- _Task_: Starting at the line below with "Saluti da immagine" and stopping at the line with "Tag your friends", please print each line exactly, those two included, and skip every picture.

- _The input_:
== Segment start ==

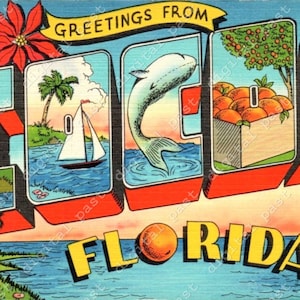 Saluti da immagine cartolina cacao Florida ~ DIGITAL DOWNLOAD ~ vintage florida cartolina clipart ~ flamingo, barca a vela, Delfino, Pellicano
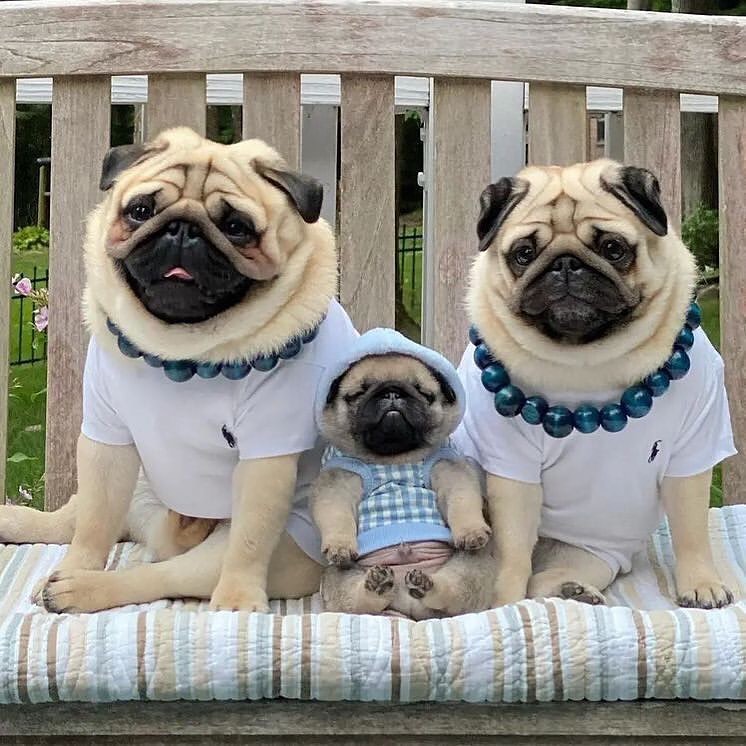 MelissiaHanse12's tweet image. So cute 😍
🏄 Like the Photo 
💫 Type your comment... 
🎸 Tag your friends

== Segment end ==
== Segment start ==

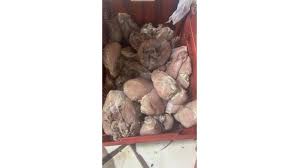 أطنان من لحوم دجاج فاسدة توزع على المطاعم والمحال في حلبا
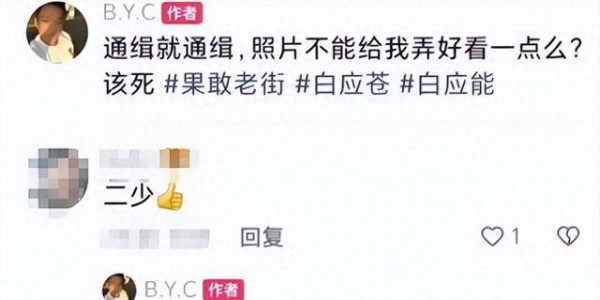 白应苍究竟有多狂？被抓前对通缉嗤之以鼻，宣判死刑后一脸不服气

== Segment end ==
== Segment start ==

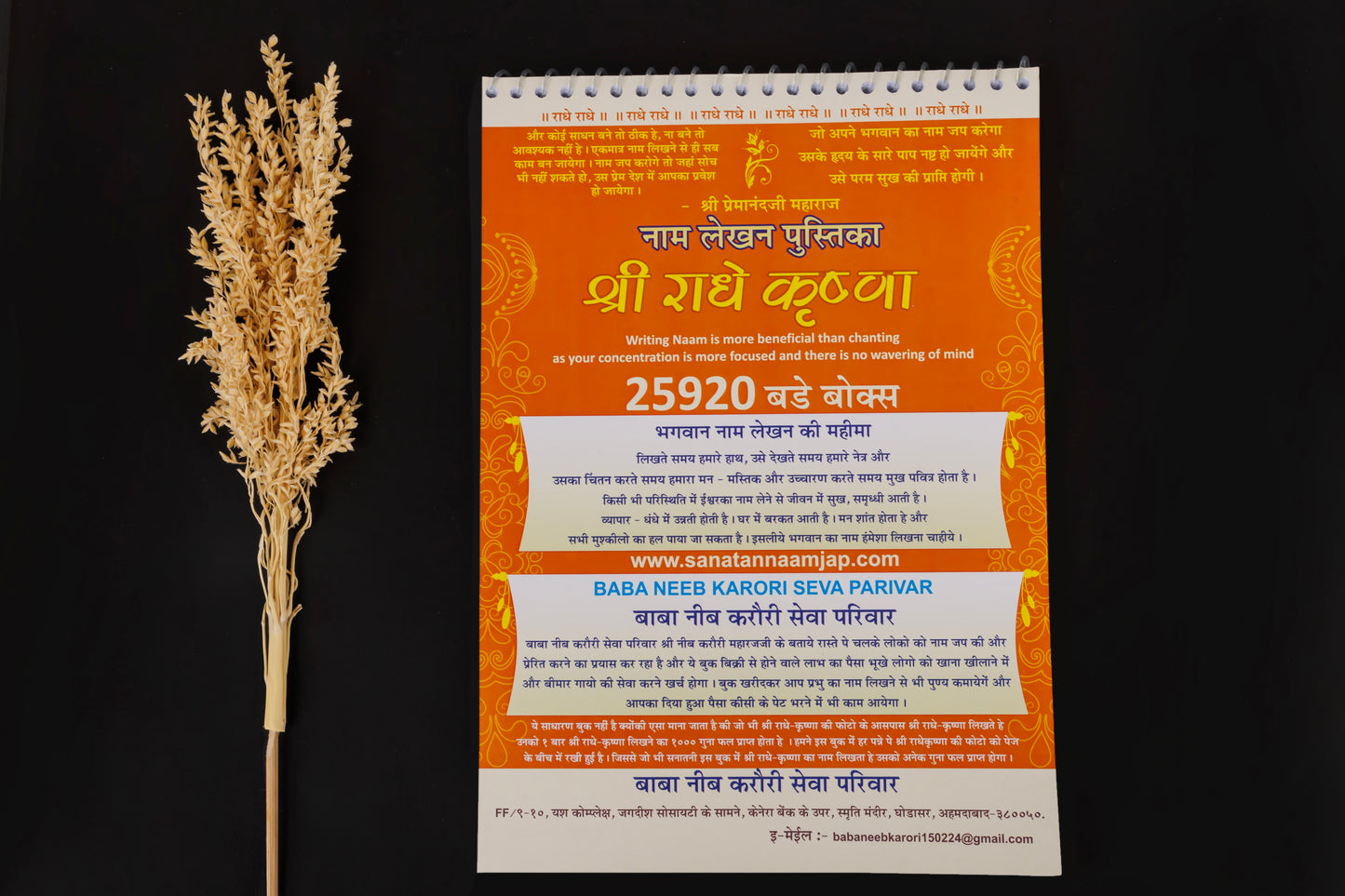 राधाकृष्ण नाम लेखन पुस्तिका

== Segment end ==

- _Expected answer_:
 Saluti da immagine cartolina cacao Florida ~ DIGITAL DOWNLOAD ~ vintage florida cartolina clipart ~ flamingo, barca a vela, Delfino, Pellicano
 MelissiaHanse12's tweet image. So cute 😍
🏄 Like the Photo 
💫 Type your comment... 
🎸 Tag your friends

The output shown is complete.